Malgré ses incessants voyages, il restait belge. A Grez Doiceau, il habitait le côté wallon d'une rue dont l'autre trottoir est en Flandre, mais surtout il se sentait blessé dans sa chair chaque fois qu'une mesquinerie linguistique était portée à sa connaissance.
Il se posa aussi très vite des questions philosophiques. Quand on lui proposa d’être professeur à l’UCL, il eut des scrupules. A cette époque, l’université était très catholique, remplie de prêtres, avec une prière avant chaque cours.
Or, déjà, il ne croyait pas en l’institution de l’Eglise et avait des doutes sur le dogme chrétien. Le principe d’un dogme était difficile à accepter pour un scientifique soucieux d’avancer par la rigoureuse méthode scientifique.
Il développa fortement cette part philosophique de sa vie après sa pension en 1985, jusqu’à aujourd’hui, dans ce qu’il appelle, dans ses mémoires, "le temps de la réflexion". C’est alors qu’il se mit à l’écriture et à rédiger plusieurs livres avec un beau succès public. D’abord des livres de vulgarisation scientifique et, ensuite, de plus en plus empreints de philosophie, hantés par les questions de l’origine de la vie et du sens de la vie.
Ses livres récents l’ont amené à se dire que l’homme n’est pas forcément le sommet de la vie et qu’elle pourrait rebondir autrement, que la vie existe sans doute ailleurs dans le cosmos et que si on continue dans la folie de la compétition (notre péché originel), on va à la catastrophe. Pour contrer cela, il croit dans le rôle des femmes, en la force possible des religions si celles-ci pouvaient être moins dogmatiques et accepter l’indispensable limitation généralisée des naissances. Dans cette réflexion, il s’en est pris fortement à l’Eglise vaticane, n’hésitant pas à parler d’un "petit cénacle autoperpétué de vieillards célibataires et misogynes, souvent d’une intelligence brillante, mais engoncés dans leur pourpre, leurs rites, leurs certitudes et leur prétention de légitimité."
L’ultime réalité ?
N’ayant jamais cru en un Dieu personnel créant le monde (car alors, qui a créé le créateur ? Et s’il est "incréé", il est plus simple d’imaginer un monde "incréé"), s’il a loué la parole d’un Jésus solidaire et rejeté le Jésus qui porte le glaive et la "vérité", il parla longtemps aussi d’une "Ultime réalité", celle qu’on pressent dans l’émotion de l’art, de l’amour, de la nature. Certains, un peu effrayés de son agnosticisme montant, ont voulu y voir une porte que de Duve laissait ouverte, vers un Dieu.

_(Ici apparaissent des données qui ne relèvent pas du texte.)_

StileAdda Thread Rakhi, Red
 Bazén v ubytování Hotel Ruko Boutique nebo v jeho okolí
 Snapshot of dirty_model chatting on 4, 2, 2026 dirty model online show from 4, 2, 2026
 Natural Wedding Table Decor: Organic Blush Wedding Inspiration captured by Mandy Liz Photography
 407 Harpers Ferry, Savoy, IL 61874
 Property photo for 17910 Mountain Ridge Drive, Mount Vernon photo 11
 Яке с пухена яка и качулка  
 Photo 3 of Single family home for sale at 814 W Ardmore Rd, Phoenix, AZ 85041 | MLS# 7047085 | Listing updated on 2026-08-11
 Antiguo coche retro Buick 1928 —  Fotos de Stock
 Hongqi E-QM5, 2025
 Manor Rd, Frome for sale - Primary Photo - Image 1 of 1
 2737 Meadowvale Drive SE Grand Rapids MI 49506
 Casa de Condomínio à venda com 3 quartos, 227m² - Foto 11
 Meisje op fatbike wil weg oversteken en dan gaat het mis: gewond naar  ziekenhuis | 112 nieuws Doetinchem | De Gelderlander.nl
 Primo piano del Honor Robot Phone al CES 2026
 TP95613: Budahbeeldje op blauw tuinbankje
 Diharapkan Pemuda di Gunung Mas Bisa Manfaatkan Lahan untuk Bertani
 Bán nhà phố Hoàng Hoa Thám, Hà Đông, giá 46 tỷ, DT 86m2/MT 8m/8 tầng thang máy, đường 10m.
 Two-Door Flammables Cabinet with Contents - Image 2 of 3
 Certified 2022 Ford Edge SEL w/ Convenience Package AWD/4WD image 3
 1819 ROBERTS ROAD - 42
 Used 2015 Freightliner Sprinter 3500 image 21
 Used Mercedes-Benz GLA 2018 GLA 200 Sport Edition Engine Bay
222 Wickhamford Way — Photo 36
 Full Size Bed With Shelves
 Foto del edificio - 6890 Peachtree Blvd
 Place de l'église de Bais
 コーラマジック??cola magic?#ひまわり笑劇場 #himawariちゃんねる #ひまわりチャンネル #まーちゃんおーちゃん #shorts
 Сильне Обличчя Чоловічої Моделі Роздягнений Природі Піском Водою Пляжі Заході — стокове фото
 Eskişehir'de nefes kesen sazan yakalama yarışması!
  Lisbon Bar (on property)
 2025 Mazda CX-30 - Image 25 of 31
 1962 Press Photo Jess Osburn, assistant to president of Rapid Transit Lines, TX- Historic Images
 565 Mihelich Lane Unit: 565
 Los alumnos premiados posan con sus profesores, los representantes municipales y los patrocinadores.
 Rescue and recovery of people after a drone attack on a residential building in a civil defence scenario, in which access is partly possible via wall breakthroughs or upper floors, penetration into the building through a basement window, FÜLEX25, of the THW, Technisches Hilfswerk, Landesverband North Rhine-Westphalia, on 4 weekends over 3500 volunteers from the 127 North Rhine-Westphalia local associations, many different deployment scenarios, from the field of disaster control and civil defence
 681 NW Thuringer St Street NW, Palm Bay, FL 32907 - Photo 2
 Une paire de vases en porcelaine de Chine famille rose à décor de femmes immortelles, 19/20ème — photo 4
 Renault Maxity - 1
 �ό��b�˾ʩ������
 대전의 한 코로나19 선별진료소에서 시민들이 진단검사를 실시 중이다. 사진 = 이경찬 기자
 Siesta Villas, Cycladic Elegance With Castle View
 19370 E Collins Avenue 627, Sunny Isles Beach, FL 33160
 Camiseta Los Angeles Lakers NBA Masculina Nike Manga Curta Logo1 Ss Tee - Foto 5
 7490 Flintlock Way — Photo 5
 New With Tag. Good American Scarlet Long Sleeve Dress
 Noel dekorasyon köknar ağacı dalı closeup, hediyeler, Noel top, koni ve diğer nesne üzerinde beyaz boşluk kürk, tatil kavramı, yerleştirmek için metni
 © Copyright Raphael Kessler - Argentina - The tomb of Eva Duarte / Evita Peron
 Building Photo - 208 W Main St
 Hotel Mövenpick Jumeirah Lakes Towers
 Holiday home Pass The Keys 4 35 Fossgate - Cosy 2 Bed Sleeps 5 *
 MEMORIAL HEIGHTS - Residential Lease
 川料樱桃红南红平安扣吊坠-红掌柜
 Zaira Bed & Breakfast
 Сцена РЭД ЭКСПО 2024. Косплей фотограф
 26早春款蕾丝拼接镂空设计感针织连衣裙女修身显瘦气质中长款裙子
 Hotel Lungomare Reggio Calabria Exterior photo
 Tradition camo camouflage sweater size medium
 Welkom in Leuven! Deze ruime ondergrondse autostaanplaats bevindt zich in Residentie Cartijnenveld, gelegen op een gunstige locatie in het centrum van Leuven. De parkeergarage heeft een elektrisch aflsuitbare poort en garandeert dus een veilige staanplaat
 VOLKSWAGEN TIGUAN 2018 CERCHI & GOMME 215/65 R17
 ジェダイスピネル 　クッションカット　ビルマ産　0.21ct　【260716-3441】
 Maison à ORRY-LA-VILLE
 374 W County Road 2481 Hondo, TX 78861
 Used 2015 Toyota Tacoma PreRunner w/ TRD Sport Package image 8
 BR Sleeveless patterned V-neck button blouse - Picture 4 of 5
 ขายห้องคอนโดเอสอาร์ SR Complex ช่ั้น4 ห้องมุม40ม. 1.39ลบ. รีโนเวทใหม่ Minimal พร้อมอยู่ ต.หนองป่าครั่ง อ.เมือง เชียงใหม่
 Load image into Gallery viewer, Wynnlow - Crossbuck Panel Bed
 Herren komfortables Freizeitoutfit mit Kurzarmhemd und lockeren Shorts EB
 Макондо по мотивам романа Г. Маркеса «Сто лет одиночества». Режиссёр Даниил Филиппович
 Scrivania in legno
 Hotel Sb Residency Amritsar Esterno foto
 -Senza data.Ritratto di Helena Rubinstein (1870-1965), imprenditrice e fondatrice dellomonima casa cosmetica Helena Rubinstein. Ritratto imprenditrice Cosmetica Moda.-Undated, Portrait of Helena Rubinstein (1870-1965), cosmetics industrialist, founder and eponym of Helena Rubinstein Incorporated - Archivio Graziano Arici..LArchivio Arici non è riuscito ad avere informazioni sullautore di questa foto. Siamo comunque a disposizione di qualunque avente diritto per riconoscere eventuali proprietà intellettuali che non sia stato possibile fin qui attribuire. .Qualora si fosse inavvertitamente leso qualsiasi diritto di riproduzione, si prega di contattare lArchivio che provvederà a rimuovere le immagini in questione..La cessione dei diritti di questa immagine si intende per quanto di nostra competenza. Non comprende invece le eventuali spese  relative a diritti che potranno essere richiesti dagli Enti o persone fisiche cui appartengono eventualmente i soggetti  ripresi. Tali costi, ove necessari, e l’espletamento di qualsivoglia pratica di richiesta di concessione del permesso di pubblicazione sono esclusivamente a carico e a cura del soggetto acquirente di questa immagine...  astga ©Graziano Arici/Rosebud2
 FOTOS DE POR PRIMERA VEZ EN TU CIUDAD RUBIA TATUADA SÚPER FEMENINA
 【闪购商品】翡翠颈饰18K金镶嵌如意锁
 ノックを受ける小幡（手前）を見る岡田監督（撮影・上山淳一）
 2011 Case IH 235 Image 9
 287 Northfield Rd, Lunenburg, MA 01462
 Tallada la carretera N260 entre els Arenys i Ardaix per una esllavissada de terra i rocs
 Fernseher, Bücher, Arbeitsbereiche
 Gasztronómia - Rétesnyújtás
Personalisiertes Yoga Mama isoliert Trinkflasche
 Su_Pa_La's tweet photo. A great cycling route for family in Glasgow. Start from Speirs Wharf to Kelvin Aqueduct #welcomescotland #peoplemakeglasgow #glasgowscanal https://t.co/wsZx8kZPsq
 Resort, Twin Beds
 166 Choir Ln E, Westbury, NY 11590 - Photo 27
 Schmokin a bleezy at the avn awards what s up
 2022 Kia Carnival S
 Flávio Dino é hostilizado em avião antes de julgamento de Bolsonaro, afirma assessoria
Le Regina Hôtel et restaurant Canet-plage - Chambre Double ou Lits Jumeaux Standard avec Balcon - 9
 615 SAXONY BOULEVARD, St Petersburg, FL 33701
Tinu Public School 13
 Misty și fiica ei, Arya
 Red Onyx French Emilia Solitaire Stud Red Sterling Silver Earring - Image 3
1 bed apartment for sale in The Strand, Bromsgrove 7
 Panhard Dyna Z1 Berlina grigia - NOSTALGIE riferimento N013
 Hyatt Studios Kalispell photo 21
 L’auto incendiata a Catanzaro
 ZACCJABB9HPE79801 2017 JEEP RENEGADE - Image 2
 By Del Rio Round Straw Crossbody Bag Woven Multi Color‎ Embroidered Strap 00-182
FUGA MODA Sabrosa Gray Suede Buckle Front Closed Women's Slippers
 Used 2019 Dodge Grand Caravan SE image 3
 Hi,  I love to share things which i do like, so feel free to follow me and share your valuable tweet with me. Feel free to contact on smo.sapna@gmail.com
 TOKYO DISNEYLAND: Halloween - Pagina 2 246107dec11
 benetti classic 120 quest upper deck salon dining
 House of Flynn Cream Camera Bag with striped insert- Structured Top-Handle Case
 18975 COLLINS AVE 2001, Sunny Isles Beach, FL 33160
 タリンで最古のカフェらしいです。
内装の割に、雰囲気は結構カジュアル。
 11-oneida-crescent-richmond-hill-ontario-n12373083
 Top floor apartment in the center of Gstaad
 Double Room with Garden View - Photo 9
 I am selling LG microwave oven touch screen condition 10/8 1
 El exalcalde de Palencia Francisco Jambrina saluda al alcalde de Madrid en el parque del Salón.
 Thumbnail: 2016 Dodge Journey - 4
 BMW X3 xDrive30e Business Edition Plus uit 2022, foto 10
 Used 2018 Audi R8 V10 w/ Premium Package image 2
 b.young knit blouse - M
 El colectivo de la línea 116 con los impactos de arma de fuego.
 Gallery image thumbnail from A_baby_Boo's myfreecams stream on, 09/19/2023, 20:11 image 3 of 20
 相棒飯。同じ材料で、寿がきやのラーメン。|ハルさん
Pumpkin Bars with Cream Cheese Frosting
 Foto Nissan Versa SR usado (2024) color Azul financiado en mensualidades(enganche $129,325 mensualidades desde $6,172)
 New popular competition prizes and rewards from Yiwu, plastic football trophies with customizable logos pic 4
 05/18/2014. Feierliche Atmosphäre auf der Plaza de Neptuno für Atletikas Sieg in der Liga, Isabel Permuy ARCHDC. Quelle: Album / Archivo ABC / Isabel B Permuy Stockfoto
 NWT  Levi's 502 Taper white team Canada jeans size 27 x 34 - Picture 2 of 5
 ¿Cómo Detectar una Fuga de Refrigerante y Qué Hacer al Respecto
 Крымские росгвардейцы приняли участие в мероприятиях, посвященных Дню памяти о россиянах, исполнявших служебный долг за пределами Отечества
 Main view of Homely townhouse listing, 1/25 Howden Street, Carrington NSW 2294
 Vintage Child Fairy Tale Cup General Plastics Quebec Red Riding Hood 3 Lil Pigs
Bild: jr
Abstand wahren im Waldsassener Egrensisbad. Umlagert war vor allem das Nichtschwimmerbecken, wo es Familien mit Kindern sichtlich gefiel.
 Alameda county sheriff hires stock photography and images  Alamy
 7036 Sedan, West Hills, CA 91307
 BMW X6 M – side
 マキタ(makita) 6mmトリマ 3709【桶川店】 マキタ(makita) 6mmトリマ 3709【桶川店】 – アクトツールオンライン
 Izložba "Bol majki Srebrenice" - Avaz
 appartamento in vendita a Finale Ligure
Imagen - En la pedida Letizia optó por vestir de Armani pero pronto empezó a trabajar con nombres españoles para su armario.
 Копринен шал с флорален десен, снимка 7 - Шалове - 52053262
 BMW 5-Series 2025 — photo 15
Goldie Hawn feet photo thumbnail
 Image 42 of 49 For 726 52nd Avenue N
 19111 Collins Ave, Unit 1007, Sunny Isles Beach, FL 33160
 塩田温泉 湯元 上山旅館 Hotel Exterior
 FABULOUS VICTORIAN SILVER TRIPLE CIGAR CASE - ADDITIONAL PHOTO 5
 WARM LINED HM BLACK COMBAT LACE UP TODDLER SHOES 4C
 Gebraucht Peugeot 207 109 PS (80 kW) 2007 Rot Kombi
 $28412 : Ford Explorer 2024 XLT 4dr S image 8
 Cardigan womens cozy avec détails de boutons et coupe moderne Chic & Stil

A 95 ans, disait-il, il est temps de sortir de ce "flou artistique" et de dire que "je ne puis rationnellement me rallier à ce concept d’un être immanent". "Nous ne faisons pas que découvrir le monde mais contribuons à le construire. L’Ultime réalité n’est pas une entité intemporelle, mais une conception de mon esprit .» De Duve pouvait reprendre la célèbre formule de Laplace expliquant à Napoléon qu’il n’avait pas eu besoin de l’hypothèse de Dieu pour élaborer ses théories.